(Crawled caption data)

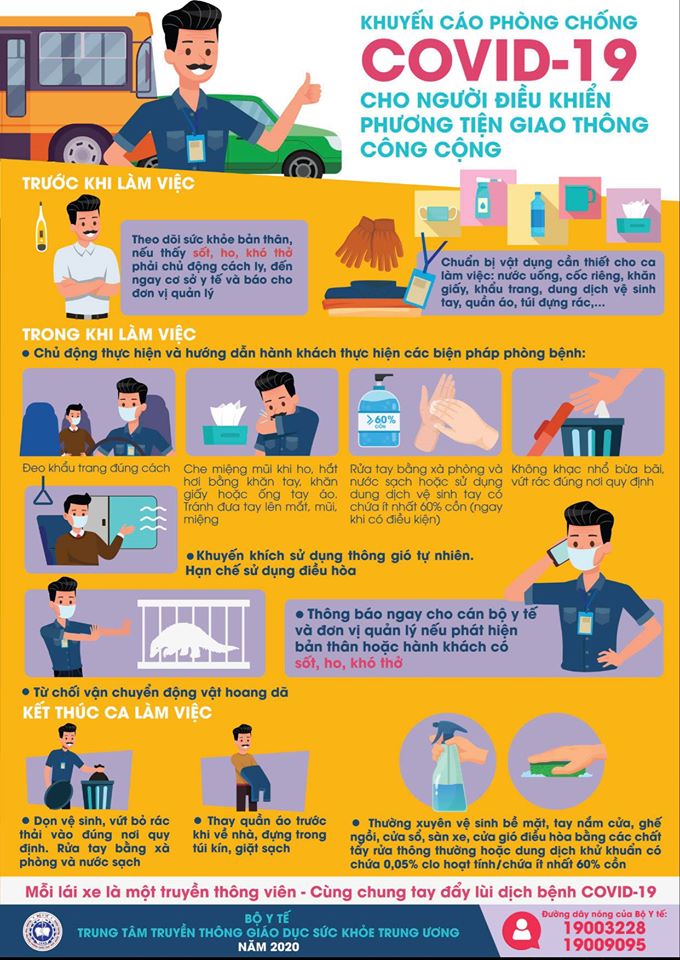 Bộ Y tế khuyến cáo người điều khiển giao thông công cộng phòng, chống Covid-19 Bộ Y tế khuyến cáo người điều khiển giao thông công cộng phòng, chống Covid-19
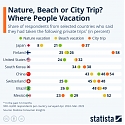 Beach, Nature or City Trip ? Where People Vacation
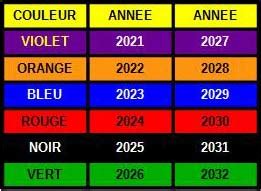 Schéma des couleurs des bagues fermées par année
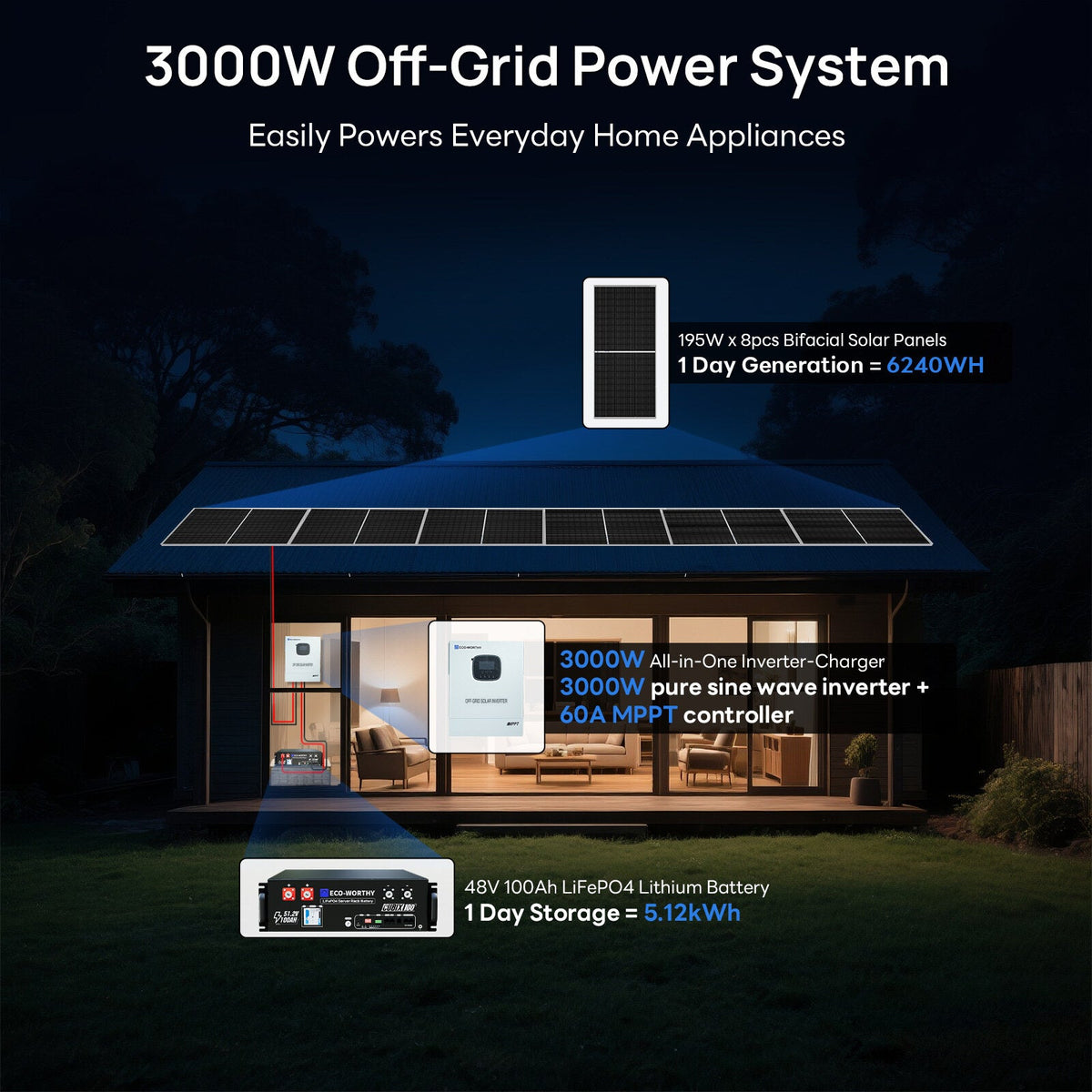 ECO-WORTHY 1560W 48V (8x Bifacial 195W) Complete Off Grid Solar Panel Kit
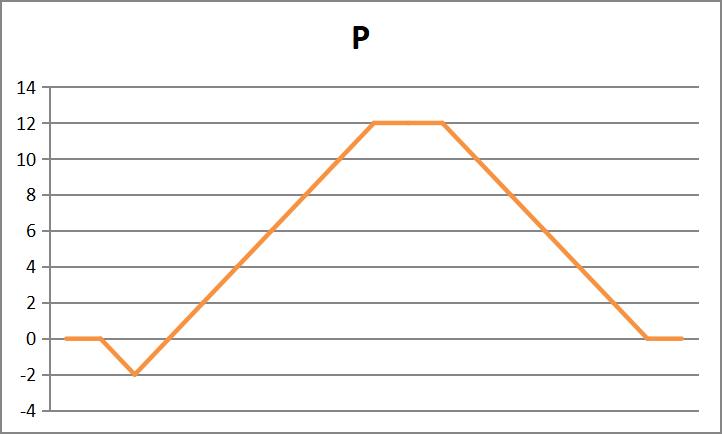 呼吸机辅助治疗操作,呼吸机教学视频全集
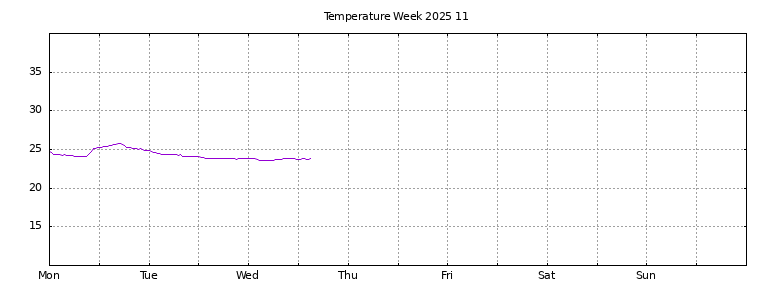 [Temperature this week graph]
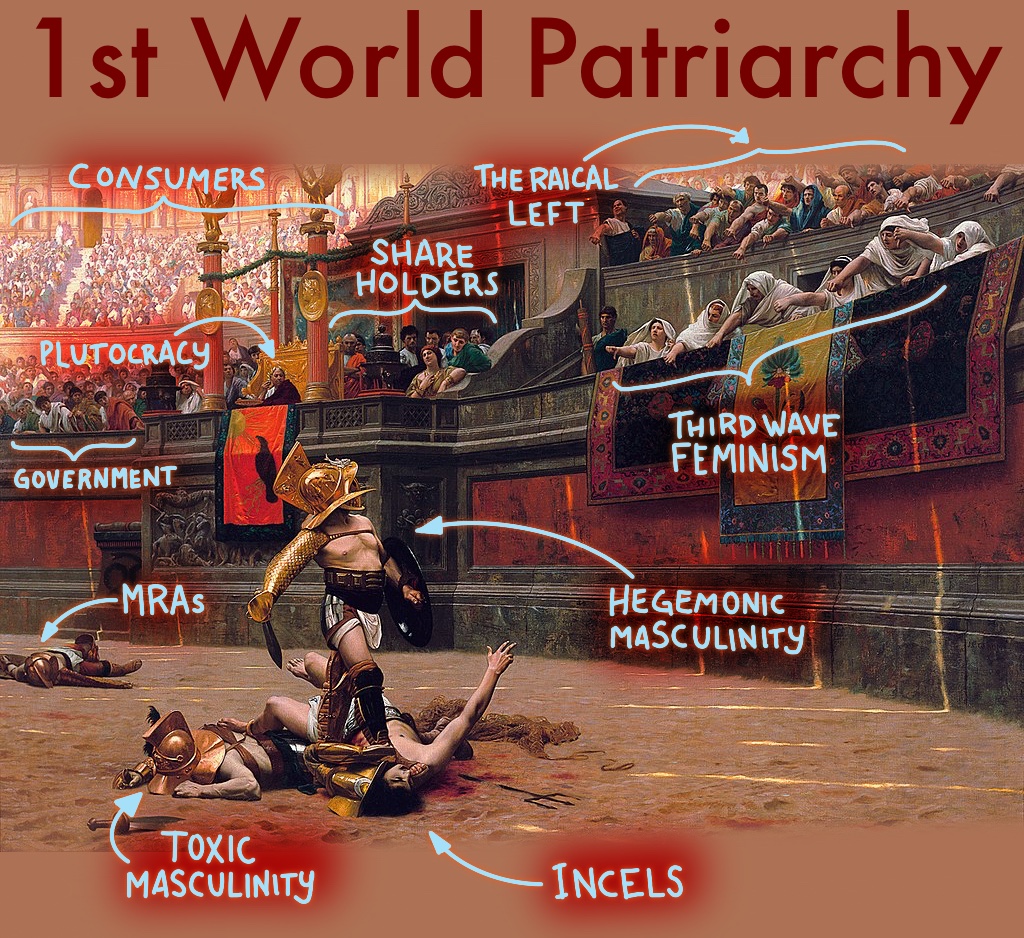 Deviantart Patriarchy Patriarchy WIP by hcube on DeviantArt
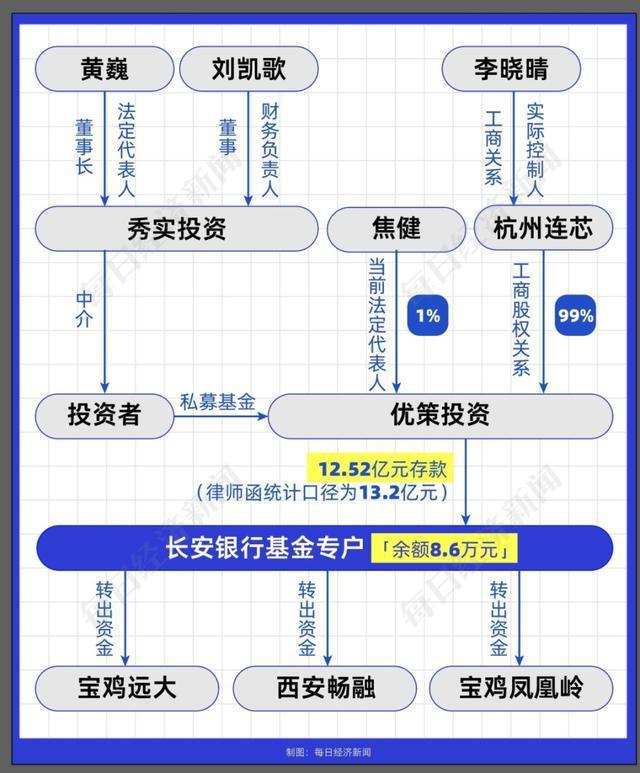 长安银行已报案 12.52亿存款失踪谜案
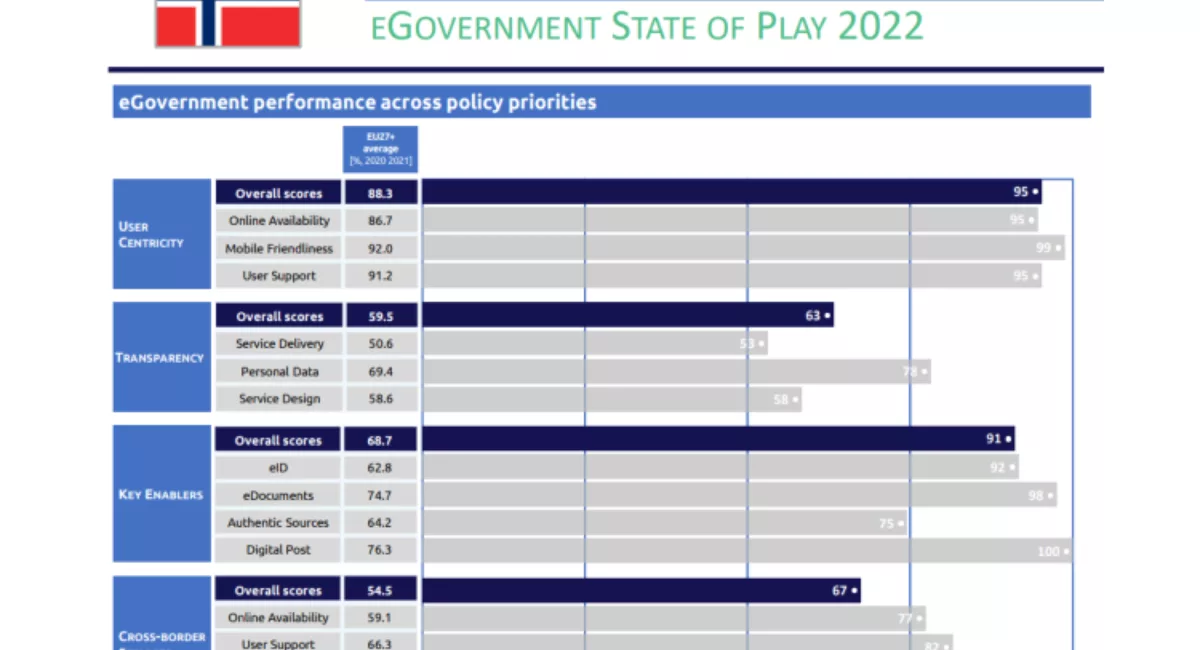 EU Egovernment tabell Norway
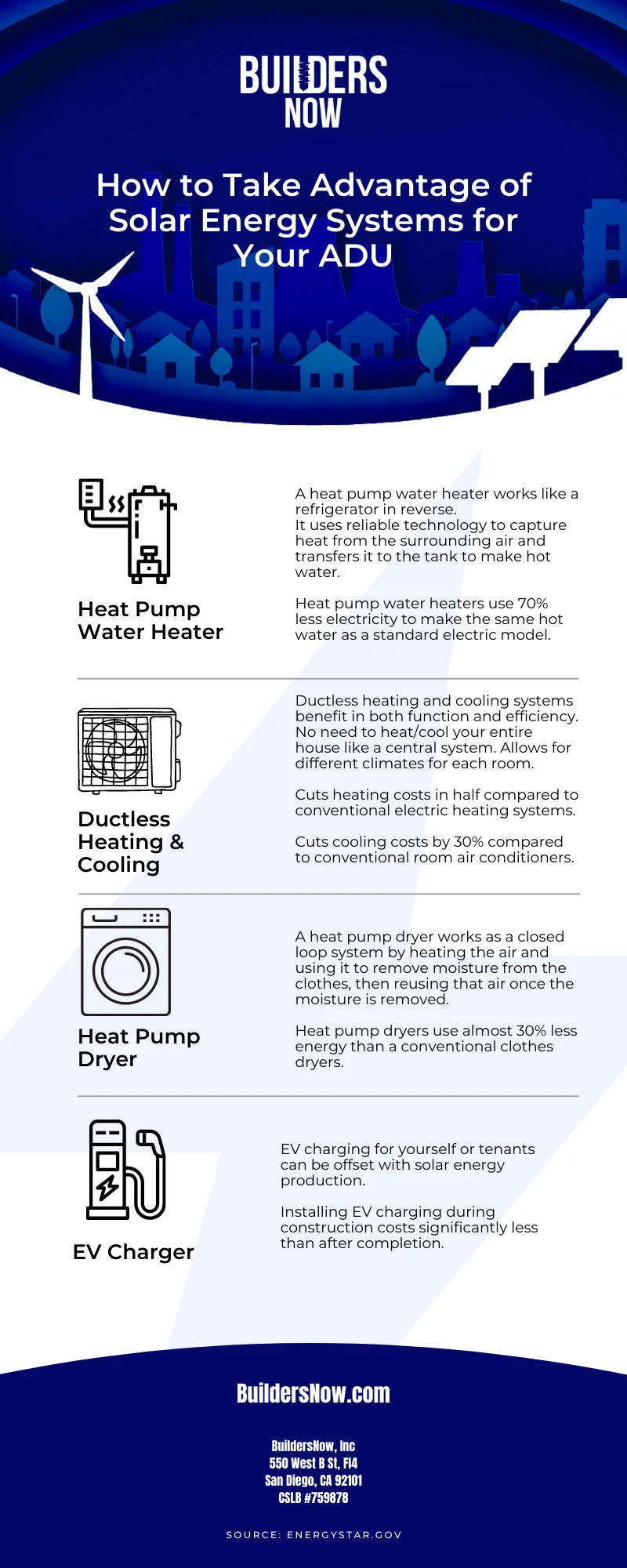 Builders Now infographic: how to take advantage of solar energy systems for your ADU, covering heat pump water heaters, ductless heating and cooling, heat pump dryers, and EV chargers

▸ **What the task asks**
Reproduce the data above exactly, leaving each picture out.

▸ **Answer to the exercise**
 Bộ Y tế khuyến cáo người điều khiển giao thông công cộng phòng, chống Covid-19 Bộ Y tế khuyến cáo người điều khiển giao thông công cộng phòng, chống Covid-19
 Beach, Nature or City Trip ? Where People Vacation
 Schéma des couleurs des bagues fermées par année
 ECO-WORTHY 1560W 48V (8x Bifacial 195W) Complete Off Grid Solar Panel Kit
 呼吸机辅助治疗操作,呼吸机教学视频全集
 [Temperature this week graph]
 Deviantart Patriarchy Patriarchy WIP by hcube on DeviantArt
 长安银行已报案 12.52亿存款失踪谜案
 EU Egovernment tabell Norway
 Builders Now infographic: how to take advantage of solar energy systems for your ADU, covering heat pump water heaters, ductless heating and cooling, heat pump dryers, and EV chargers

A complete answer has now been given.